Tuesday, Jun. 21, 2005

The Triumph of Arrogance

By Hugh Sidey

The Reagan Administration was simply not up to the exquisite talents of David Stockman. In five years as Director of the Office of Management and Budget, he strode through the corridors of power thwarted, in his account, by political nincompoops who never grasped what policy was all about. He has hardly met another presidential aide he did not disdain. He labored unsuccessfully to educate a dotty President in the fundamentals of economics, only to have poor Ronald Reagan ignore "the palpable, relevant facts" and wander in circles.

In the end, the self-proclaimed White House intellectual, the Harvard divine, did not grasp the nature of the drama in which he played, and somewhere along his journey he misplaced his soul.

Stockman's memoirs, The Triumph of Politics (Harper & Row; $19.50), form a singular document of arrogance. That Washington cannot meet its responsibilities on the budget certainly is true, but Stockman's own failures may have had as much to do with creating the huge federal deficits and the diminished trust in Government economic planning with which we are now burdened.

Stockman's narrative about Reagan and his aides is at times so unintelligible (the President, he writes, "had no concrete program to dislocate and traumatize the here-and-now of American society") and so stunningly self-centered (the Reagan revolution was not Reagan's, "it was mine") that it provokes a bit of perverse admiration. Surely this is a hoax. The onetime boy wonder of the OMB has to be better than he reads.

Stockman's anguished discoveries that Presidents sometimes do not understand the intricacies of Government and often don't seem to know what they are talking about are hardly original.

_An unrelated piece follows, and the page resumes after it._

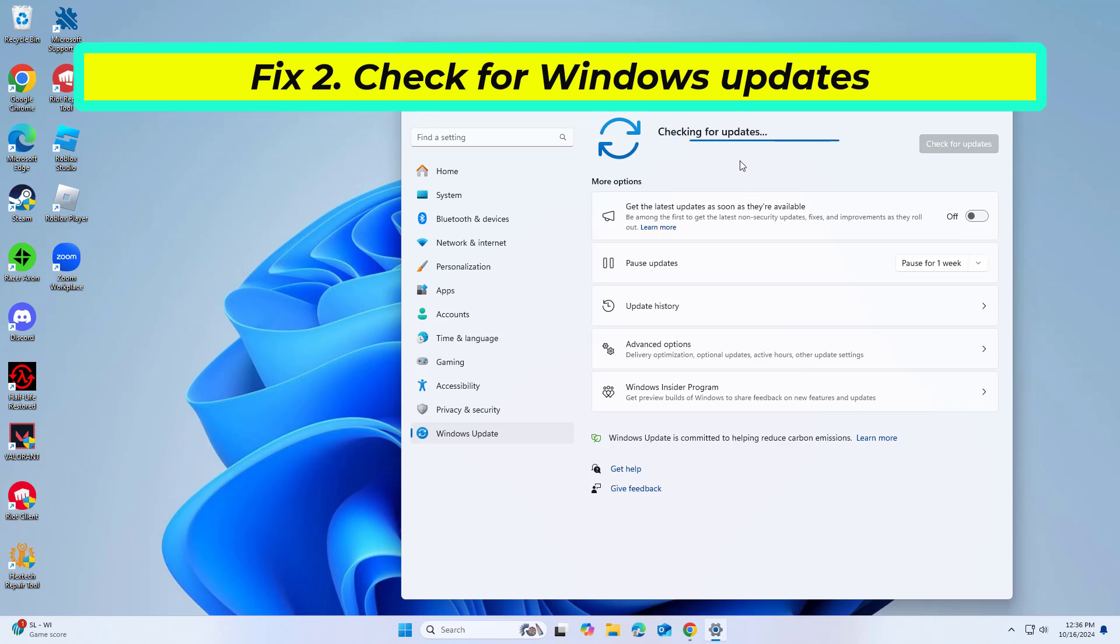Make sure you also install any available optional updates. When done, restart your device to implement the changes.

And Stockman still does not understand that the presidency is mostly political calculation mixed with a large portion of ballyhoo.

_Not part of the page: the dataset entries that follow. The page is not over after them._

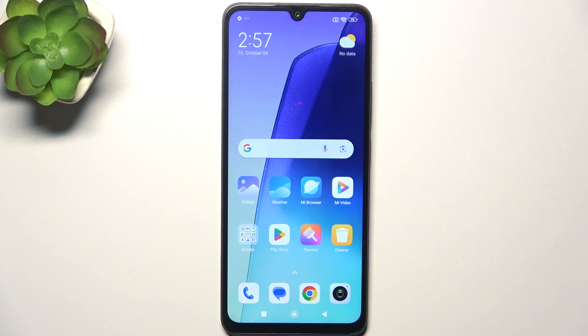Hello, in this video I'm gonna show you how to manage home screen widgets on the Redmi A3 Pro.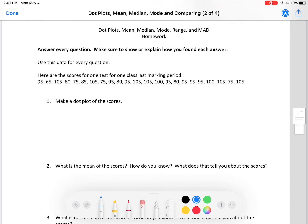Okay class, today we're going to do a little bit of a review, but then we are also going to learn how to use mean, median, and mode in order to compare two data sets. We are not going to be doing range and MAD today. Here's a set of data — these are grades for a class test.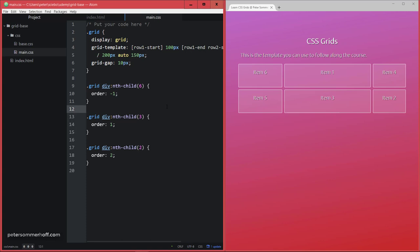which might make it hard for screen readers, for example, if the actual order of the elements in the HTML markup doesn't make any sense anymore. So be careful about that and always think about accessibility as well.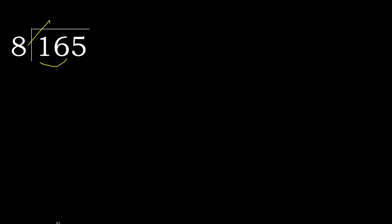8 multiplied by which number is nearest to 16 but not greater? 8 multiplied by 3, 24 is greater. Multiplied by 2, 16 is not greater.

Reagan trusted Stockman, but Stockman, by his own admission, again and again failed to return that trust. The mystery in this account is why Stockman did not lay his fears of impending financial disaster squarely on the President's desk. Or why, if others thwarted his honest intentions, he did not resign. His self-exoneration--describing how he was flitting here and there in righteous dismay, confronting all those mindless Californians around Reagan, struggling to "work from within" to avert the catastrophe he so clearly saw before him--does not go down well. He confesses to being too enamored of power. Yet he leaves no doubts that he considered his morality of a higher order, his intelligence superior.

Stockman contends that Reagan was not a revolutionary and should never have tried to change the U.S. Government dramatically. That's an odd revelation. Anyone who spent four years as a Congressman should know that Presidents do not win power by planning to discard totally the American past. Ronald Reagan never suggested he intended to dismantle two centuries of American tradition. Nevertheless, the Reagan Administration has brought enough change to Washington to be called a revolution, at least in the patois of journalists.

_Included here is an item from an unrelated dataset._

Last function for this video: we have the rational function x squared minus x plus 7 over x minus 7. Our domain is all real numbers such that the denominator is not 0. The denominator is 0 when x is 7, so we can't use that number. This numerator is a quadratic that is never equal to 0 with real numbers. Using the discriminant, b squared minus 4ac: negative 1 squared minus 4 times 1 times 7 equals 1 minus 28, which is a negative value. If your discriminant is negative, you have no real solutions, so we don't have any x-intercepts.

There is a lesson, finally, in the Stockman text: beware of what Education Secretary William Bennett calls overenchantment with "learned learning." Washington has a problem with people in its elite whose only knowledge comes from the books they have read, the statistics they have marshaled, the theories that rest on charts they have devised. Long years of leadership that hone instincts and crystallize common sense--a particular Reagan resource--are often more important than the "policy equations" Stockman found so consuming. It can be said about David Stockman that he knew a great deal but understood very little.